Now that finally all entrances are over and the cut-offs out, life has put us in a dilemma again. A better college or a preferred course... what should I opt for? I personally feel that it is more important to give the first preference to the course than the college. But I’m aware of the thousands of people all over the country for whom studying in DU is like living a dream. It is undoubtedly a tough decision to make and being confused is natural, but going through this process of confusion and decision-making is a vital learning process.
St Thomas’ School
In order to know the consequences of a particular action, we have to execute the action. No number of assumptions can possibly prophesy the exact outcome of the action. We have been conditioned to believe that what has already been tried and tested is probably the best option. If you apply it to DU, most of the applicants might also not be aware of the unconventional courses offered in DU, like BA (hons) social work, music and tourism, BSc (hons) in anthropology and food technology. Personally, I want to opt for philosophy (hons), and not as a backup, but genuinely for the interest in the subject. Interestingly, my parents asked me if I didn’t have any other options available to me.
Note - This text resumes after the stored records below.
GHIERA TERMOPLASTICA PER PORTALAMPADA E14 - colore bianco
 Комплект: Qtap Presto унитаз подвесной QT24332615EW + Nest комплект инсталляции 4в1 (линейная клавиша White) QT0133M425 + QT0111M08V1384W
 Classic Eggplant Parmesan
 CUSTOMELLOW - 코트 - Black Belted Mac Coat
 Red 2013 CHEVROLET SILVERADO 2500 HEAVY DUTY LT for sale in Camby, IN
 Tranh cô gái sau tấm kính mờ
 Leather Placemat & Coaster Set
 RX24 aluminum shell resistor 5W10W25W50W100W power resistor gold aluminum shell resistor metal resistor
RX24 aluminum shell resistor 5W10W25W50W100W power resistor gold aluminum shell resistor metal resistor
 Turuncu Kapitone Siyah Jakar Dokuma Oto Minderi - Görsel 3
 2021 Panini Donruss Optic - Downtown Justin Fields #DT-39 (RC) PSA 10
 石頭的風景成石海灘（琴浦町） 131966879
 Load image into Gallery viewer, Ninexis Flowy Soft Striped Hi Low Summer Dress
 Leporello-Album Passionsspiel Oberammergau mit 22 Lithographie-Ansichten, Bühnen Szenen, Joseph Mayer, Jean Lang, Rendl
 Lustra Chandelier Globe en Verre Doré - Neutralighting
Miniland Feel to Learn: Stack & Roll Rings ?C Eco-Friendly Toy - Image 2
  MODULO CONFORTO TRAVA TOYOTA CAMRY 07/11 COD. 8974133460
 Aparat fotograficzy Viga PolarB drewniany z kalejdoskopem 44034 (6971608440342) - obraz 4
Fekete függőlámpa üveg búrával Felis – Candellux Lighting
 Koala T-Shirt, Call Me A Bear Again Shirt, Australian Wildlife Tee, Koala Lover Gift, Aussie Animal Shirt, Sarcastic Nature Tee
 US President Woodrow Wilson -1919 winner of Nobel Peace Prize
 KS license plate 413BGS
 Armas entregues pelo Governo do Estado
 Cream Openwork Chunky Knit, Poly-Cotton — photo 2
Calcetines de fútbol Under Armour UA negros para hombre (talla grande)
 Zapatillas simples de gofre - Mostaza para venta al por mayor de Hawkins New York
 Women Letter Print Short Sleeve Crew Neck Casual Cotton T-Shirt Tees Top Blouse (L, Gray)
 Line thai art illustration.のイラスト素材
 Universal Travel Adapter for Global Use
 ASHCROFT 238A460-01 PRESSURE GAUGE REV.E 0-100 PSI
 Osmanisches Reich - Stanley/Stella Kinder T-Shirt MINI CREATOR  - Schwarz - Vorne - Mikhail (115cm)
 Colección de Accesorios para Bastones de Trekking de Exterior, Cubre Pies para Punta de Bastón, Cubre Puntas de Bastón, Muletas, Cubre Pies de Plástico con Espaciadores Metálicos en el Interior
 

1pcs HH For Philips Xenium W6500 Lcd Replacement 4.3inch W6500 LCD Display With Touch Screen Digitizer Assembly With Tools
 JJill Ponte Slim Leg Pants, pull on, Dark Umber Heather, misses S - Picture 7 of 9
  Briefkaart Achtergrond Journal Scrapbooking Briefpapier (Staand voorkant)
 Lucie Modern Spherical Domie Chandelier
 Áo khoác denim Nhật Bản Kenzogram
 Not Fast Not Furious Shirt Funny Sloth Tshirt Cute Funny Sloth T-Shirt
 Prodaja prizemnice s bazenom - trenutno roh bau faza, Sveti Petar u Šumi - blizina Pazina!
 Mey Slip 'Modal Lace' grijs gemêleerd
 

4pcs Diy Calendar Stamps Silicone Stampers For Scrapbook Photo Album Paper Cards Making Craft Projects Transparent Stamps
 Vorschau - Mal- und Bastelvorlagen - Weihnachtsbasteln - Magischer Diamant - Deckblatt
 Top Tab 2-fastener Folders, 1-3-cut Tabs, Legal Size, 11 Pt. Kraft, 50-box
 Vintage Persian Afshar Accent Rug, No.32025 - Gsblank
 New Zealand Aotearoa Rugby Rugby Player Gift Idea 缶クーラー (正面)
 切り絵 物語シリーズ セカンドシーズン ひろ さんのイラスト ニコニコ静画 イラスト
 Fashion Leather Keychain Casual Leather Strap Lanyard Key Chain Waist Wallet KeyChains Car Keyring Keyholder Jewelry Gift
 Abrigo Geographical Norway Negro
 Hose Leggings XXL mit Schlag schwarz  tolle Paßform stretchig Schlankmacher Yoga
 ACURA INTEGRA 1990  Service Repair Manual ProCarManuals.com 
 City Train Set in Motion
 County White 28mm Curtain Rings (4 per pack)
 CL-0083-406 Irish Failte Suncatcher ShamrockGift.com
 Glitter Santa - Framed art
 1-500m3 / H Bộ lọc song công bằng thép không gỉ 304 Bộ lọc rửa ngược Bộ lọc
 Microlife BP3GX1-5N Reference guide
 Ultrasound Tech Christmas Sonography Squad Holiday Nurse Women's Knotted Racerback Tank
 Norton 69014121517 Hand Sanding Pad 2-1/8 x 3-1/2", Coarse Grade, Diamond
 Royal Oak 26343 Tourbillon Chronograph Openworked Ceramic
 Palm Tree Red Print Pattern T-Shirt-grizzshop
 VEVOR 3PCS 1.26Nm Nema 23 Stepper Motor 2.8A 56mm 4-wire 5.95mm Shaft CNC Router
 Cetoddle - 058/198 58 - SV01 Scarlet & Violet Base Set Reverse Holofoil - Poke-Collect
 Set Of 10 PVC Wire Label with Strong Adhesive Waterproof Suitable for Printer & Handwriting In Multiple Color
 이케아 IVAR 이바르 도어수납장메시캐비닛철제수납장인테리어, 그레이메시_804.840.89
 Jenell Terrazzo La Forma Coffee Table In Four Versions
Philosophy (hons) allows you to think boldly, and express your views about taboo issues like suicides, gay marriages, terrorism etc. In my interaction with Rajib Ray, a faculty member in the department of philosophy at Kirori Mal College, he told me, “The students pursuing philosophy should be able to reflect and have an inquisitive mind. Students of philosophy go for civil services, law, journalism, research, teaching and event management.” So, for those like me, some of the prestigious colleges offering this course happen to be Hindu, St. Stephens, Lady Shri Ram College, Miranda House etc.
St Columba’s School
Our waiting period is over and the battle for seats has begun. It’s almost painful to see the number of students you’re up against. It’s times like these that an encouraging word from your seniors can really make a difference and especially if they’re from DU itself. Yes, I am talking about myself; a friend from Hindu, gauging my English skills and my aptitude, reassures me a great CATE score. Very comforting to hear. I reckon the admission days are going to be even worse. Hail the lord for Kamla Nagar market and bantawalas!
St Thomas’ School
Today is ‘the day’ when our colleges and courses would be decided. From the very beginning I was clear of preferring the course to college. But as the admission process nears, I am caught up in the dilemma of ‘which course to choose’. In class 12 all my favourite subjects had equal weightage so I never had to choose. But, now in college I can major in just one subject and this leaves me confused to the core. It’s difficult to choose between psychology, English and sociology honours and applied arts course. This confusion is giving me sleepless nights and I wish I had thought of this before.